Mi ricordo degli Sparks, ma non per sentito dire; li ho visti suonare in televisione, quelle poche volte che mamma Rai li passava, li ho ascoltati alla radio, sì, anche in quei troiai delle FM italiane, mi divertiva osservare Mr. Ron Mael che spaventava i pischellini inglesi assisi a guardare Top of The Pops con quel suo sguardo perennemente incazzato e i suoi baffetti che ricordavano vagamente un signore tedesco che sganciò qualche chilo di bombe sulle teste dei genitori di quei pischelli. Mi ricordo anche i riccioli mori di suo fratello Russell, il cantante, che ballava e sculettava declamando i versi delle canzoni. Quindi, se anche voi vi ricordate queste cose, benvenuti nel club della terza età.

Non dispiacetevi troppo però, siete perfetti per accogliere il nuovo sensazionale album degli Sparks e goderne appieno: non vorrete mica essere come quei brufolosi che si fanno le seghe sopra i dischi di Ed Sheeran ?

Quarantacinque anni di carriera e venticinquesimo album per il duo losangelino scoperto a suo tempo da quel geniaccio di Todd Rundgren, quindici canzoni per dimostrare al mondo che i fratelli Mael sono ancora sul trono della musica pop più divertente e irriverente che abbiate mai ascoltato.

Hippopotamus arriva nove anni dopo Exotic Creatures Of The Deep, in mezzo la mini operetta The Seduction Of Ingmar Bergman (2009) e dal progetto "F.F.S." (2015) fatto in collaborazione con i Franz Ferdinand. Già dalle prime note prendiamo coscienza di quanto l'art-pop degli Sparks sia sempre più necessario. L'intro dell'album è un breve preludio alle prime tre meraviglie che incontreremo durante il cammino, partendo dalle rimembranze glam di "Missionary Position" canzone che non sfigurerebbe nel repertorio dei Monthy Python, dal pop cristallino e quasi perfetto di "Edith Piaf (Said It Better To Me)" per arrivare allo stato dell'arte di "Scandinavian Design" con coda scandita dalle note di un clavicembalo synth. Ma cosa sarebbero gli Sparks senza le canzoni bislacche che hanno costellato album come Kimono My House (1974) e Propaganda (1974) ? Ecco allora arrivare lo la macabra filastrocca nonsense di "Giddy Giddy", la marcetta da cabaret tedesco anteguerra di "I Wish You Were Fun" e il valzer molescio di "When You Are A French Director" dove viene bellamente preso in giro l'atteggiamento di chi sbrodola davanti a qualsiasi film che arriva dal paese transalpino.

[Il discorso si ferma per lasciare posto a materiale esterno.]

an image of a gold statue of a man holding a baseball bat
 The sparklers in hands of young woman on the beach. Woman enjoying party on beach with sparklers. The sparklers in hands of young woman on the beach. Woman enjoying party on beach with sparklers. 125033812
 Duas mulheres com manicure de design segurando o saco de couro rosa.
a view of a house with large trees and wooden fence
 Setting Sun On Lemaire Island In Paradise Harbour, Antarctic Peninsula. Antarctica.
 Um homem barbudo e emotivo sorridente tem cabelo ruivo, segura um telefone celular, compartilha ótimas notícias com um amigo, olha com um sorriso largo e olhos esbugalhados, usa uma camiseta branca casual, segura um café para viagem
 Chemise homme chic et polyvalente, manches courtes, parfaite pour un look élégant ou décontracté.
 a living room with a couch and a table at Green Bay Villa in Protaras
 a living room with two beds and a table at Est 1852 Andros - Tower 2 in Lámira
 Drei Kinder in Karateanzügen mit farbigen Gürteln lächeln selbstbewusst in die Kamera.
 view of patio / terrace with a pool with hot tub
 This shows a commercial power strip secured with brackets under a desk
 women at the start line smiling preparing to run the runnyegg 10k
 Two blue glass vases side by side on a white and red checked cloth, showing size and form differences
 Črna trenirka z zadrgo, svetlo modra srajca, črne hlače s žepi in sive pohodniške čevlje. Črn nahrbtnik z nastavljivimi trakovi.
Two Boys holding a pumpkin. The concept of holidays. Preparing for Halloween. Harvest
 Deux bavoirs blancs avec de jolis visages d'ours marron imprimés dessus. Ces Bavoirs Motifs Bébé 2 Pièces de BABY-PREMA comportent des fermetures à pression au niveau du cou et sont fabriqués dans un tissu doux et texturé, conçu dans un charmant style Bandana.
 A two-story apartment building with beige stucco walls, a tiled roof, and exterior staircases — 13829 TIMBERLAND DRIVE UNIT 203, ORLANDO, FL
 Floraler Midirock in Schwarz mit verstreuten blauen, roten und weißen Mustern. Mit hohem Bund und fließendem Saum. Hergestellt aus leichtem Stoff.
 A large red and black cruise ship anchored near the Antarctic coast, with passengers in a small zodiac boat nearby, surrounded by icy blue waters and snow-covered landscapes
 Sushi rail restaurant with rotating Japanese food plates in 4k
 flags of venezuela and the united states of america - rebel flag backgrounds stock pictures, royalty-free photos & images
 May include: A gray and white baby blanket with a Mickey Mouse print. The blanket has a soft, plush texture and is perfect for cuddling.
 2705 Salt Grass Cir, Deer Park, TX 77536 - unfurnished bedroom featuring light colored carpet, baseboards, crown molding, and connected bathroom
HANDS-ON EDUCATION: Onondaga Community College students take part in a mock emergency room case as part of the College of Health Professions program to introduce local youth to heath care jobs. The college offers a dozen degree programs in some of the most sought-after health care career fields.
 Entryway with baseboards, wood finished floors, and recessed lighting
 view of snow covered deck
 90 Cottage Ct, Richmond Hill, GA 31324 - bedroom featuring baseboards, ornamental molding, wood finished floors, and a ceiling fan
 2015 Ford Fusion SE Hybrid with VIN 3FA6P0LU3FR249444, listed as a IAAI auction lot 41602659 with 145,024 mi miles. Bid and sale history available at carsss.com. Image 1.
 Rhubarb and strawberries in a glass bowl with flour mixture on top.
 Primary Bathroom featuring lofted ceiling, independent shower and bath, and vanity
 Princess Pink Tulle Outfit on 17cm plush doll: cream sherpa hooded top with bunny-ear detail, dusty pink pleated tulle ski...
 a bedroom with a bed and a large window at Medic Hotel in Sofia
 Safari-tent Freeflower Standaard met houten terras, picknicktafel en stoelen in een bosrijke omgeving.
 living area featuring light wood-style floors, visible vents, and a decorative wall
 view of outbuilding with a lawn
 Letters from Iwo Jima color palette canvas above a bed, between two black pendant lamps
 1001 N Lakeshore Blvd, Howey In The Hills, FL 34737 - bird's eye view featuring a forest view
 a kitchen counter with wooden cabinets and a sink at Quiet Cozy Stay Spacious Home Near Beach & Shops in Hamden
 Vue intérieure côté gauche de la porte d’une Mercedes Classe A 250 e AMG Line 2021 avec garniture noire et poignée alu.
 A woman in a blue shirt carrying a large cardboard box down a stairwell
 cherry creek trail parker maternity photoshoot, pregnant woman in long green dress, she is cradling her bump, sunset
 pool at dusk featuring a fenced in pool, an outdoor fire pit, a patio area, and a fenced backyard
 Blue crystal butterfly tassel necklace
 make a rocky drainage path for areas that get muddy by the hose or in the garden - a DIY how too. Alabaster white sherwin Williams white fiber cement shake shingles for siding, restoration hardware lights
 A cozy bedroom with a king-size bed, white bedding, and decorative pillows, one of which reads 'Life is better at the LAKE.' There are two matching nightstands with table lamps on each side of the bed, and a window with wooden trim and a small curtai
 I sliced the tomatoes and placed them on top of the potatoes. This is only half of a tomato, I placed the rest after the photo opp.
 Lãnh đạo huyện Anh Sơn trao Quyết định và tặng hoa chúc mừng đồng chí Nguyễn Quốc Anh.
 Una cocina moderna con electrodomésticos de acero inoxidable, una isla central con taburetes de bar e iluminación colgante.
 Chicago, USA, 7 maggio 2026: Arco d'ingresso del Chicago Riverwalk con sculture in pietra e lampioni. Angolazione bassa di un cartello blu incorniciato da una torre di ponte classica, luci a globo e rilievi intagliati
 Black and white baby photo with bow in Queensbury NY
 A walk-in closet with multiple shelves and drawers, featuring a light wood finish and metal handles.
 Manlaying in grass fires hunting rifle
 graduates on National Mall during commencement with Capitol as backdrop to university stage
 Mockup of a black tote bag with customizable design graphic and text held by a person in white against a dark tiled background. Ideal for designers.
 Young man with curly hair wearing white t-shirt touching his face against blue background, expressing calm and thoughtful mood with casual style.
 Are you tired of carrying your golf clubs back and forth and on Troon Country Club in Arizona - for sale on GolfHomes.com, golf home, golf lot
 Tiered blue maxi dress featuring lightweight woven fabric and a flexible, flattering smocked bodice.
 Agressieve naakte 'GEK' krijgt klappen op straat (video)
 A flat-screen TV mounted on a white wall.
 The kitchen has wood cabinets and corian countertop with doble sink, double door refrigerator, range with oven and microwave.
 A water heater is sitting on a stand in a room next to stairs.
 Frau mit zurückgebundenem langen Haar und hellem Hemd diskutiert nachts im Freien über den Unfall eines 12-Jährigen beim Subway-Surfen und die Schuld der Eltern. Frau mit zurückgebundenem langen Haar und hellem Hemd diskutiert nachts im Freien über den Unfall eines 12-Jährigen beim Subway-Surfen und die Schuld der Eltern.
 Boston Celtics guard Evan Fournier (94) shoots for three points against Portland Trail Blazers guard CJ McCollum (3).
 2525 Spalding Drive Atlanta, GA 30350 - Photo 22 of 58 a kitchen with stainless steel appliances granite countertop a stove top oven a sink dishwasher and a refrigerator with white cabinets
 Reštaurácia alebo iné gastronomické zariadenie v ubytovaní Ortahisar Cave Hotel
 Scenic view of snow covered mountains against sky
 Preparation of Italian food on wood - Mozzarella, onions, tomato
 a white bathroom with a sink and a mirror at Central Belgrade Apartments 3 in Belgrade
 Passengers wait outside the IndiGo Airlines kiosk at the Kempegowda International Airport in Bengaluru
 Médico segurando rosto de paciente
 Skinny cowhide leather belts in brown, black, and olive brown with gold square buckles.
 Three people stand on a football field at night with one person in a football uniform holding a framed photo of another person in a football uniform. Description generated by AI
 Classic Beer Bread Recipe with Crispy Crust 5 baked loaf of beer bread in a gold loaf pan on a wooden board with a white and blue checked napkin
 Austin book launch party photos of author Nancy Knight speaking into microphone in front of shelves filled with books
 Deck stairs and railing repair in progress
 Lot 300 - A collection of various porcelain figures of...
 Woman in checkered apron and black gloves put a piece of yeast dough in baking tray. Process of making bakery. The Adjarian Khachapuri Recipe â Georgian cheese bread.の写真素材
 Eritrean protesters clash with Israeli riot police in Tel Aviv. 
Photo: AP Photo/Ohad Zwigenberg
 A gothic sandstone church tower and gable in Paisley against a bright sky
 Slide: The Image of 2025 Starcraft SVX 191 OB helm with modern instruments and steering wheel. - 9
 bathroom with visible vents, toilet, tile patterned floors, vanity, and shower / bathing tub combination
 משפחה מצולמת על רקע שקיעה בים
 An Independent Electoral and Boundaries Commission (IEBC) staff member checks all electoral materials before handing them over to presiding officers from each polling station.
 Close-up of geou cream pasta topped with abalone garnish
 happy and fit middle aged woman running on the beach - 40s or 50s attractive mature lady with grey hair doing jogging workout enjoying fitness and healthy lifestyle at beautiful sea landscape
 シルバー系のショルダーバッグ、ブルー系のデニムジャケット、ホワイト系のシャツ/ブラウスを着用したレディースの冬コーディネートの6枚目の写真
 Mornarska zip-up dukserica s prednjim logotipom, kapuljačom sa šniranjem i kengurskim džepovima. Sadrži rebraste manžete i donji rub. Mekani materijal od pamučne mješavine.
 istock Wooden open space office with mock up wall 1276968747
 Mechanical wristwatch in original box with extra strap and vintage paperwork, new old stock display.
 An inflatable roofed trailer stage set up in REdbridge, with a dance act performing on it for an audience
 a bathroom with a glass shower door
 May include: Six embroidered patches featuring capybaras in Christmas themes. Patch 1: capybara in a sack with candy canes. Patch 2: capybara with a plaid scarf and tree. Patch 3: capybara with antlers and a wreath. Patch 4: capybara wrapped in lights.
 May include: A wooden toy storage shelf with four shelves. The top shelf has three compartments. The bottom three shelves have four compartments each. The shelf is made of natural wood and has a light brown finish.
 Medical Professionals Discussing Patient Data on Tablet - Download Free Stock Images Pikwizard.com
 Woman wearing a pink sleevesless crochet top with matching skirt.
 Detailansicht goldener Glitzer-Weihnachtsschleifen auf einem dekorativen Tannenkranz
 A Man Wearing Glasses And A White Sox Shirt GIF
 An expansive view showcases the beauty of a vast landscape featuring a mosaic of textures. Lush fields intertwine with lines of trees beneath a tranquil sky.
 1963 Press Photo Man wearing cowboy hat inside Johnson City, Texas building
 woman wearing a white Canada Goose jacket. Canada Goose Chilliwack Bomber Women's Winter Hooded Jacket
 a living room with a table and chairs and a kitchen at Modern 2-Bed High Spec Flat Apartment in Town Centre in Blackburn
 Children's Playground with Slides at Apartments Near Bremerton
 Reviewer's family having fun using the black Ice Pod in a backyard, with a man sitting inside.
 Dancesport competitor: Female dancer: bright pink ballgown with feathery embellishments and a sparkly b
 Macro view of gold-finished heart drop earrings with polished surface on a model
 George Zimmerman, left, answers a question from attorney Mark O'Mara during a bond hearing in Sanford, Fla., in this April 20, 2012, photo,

Le chitarre la fanno da padrone in "Unaware" mentre echi lontani del moroderiano N. 1 In Heaven (1979) arrivano nell'elettronica "The Amazing Mr. Repeat" (you gotta beat the clock, ricordate ?) e nella romantica ma non leziosa "A Little Bit Like Fun" (rimembrate "When I'm With You ? Ecco, siamo da quelle parti).

Il gran finale, e non poteva essere diversamente, è affidato ai barocchismi  e ai vocalismi di "Life With The Macbeths", laddove Ron Mael è coadiuvato dal soprano Rebecca Sjöwall, duettando sopra le mode e oltre la canzonetta da classifica.

Insomma, a settant'anni suonati e contrariamente a quanto accade per altri dinosauri della musica che più amiamo, i fratelli Mael hanno tirato fuori dal cilindro uno dei migliori album dell'anno e se, come dicono, con il rock si resta giovani, con il pop, questo tipo di pop, non solo non si invecchia, ma si evita anche il rimbambimento senile.